Vladimir_Nesov 17 Apr 2024 16:14 UTC
11 points
6
in reply to: johnswentworth’s comment on: Transformers Represent Belief State Geometry in their Residual Stream
To me the consequences of this response were more valuable than the-post-without-this-response, since it led to the clarification by the post’s author on a crucial point that wasn’t clear in the post and reframed it substantially. And once that clarification arrived, this thread ceased being highly upvoted, which seems the opposite of the right thing to happen.

I no longer endorse this response

(So it’s a case where value of content in hindsight disagrees with value of the consequences of its existence. Doesn’t even imply there was originally an error, without the benefit of hindsight.)

Vladimir_Nesov 10 Apr 2024 16:20 UTC
3 points
2
on: Scaling Laws and Superposition

Model B has 8 times the aspect ratio [...] which falls under the reported range in Kaplan et al

Nice, this is explained under Figure 5, in particular

The loss varies only a few percent over a wide range of shapes. [...] an ( $n_{l a y e r}$ , $d_{m o d e l}$ ) = (6, 4288) reaches a loss within 3% of the (48, 1600) model

(I previously missed this point, assumed shape had to be chosen in an optimal way for parameter count to fit the scaling laws.)
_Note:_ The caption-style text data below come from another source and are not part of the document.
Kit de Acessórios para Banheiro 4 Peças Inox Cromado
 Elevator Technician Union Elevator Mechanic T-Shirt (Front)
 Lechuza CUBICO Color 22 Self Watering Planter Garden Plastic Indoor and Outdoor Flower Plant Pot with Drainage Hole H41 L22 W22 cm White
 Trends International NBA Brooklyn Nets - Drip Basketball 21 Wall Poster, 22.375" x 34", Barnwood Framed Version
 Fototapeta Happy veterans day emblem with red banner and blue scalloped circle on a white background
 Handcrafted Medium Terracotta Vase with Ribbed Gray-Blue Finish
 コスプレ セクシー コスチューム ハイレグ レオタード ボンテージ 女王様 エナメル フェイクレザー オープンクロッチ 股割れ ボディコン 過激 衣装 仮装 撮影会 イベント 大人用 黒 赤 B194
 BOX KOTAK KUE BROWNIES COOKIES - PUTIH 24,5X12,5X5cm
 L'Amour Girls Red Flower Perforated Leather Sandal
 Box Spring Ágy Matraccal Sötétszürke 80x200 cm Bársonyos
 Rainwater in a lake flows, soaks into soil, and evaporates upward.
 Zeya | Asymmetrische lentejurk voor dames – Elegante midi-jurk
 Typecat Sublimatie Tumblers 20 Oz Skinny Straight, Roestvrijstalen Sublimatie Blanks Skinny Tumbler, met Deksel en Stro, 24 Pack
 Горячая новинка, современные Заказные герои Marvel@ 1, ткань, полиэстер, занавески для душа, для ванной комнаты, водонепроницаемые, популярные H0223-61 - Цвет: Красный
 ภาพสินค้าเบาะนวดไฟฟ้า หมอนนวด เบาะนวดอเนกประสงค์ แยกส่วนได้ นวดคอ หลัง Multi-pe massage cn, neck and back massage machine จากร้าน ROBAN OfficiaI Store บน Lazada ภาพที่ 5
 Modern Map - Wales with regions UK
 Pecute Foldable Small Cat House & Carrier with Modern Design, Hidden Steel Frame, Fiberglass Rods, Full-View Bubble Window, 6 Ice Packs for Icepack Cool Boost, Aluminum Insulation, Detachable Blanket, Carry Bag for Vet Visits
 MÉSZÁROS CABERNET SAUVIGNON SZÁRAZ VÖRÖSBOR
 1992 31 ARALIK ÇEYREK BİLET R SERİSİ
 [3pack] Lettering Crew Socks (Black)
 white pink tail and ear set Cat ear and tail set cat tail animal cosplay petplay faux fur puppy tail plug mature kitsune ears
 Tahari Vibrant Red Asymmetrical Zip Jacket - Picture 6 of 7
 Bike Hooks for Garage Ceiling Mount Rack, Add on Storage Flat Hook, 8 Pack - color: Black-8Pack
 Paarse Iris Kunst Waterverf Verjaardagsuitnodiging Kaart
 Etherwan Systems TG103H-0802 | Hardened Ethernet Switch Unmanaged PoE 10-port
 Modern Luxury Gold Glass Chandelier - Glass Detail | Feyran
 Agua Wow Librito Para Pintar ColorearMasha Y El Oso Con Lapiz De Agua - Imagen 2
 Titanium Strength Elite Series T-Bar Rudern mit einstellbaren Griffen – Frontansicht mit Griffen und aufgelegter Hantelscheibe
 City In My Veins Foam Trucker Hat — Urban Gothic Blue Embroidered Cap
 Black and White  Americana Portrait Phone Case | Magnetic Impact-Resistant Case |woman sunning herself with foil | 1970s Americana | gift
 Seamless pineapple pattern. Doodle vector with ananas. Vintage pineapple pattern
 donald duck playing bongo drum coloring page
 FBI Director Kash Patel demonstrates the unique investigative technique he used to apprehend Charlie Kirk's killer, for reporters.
Vladimir_Nesov 10 Apr 2024 15:34 UTC
4 points
0
in reply to: habryka’s comment on: What’s with all the bans recently?

what feels to me a subjectively substantially higher standard for rate-limiting or banning people who disagree with me

Positions that are contrarian or wrong in intelligent ways (or within a limited scope of a few key beliefs) provoke valuable discussion, even when they are not supported by legible arguments on the contrarian/wrong side. Without them, there is an “everybody knows” problem where some important ideas are never debated or fail to become common knowledge. I feel there is less of that than optimal on LW, it’s possible to target a level of disruption.

Vladimir_Nesov 7 Apr 2024 11:48 UTC
2 points
0
in reply to: Raemon’s comment on: Dagon’s Shortform
In addition to being able to find your own recent comments, another issue is links to comments dying. For example if I were to link to this comment, I would worry it might quietly disappear at some point.

Vladimir_Nesov 7 Apr 2024 11:43 UTC
3 points
0
in reply to: Victor Ashioya’s comment on: Victor Ashioya’s Shortform
A concerning thing is analogy between in-context learning and fine-tuning. It’s possible to fine-tune away refusals, which makes guardrails on open weight models useless for safety. If the same holds for long context, API access might be in similar trouble (more so than with regular jailbreaks). Though it might be possible to reliably detect contexts that try to do this, or detect that a model is affected, even if models themselves can’t resist the attack.

Vladimir_Nesov 5 Apr 2024 14:34 UTC
3 points
1
in reply to: NicholasKees’s comment on: Plausibility of cyborgism for protecting boundaries?

Second, there doesn’t seem like a clear “boundaries good” or “boundaries bad” story to me. Keeping a boundary secure tends to impose some serious costs on the bandwidth of what can be shared across it.

Hence “membranes”, a way to pass things through in a controlled way rather than either allowing or disallowing everything. In this sense absence of a membrane is a degenerate special case of a membrane, so there is no tradeoff between presence and absence of boundaries/membranes, only between different possible membranes. If the other side of a membrane is sufficiently cooperative, the membrane can be more permissive. If a strong/precise membrane is too costly to maintain, it should be weaker/sloppier.

Vladimir_Nesov 4 Apr 2024 19:29 UTC
LW: 5 AF: 2
0
AF
on: Run evals on base models too!
I expect you’d instead need to tune the base model to elicit relevant capabilities first. So instead of evaluating a tuned model intended for deployment (which can refuse to display some capabilities), or a base model (which can have difficulties with displaying some capabilities), you need to tune the model to be more purely helpful, possibly in a way specific to the tasks it’s to be evaluated on.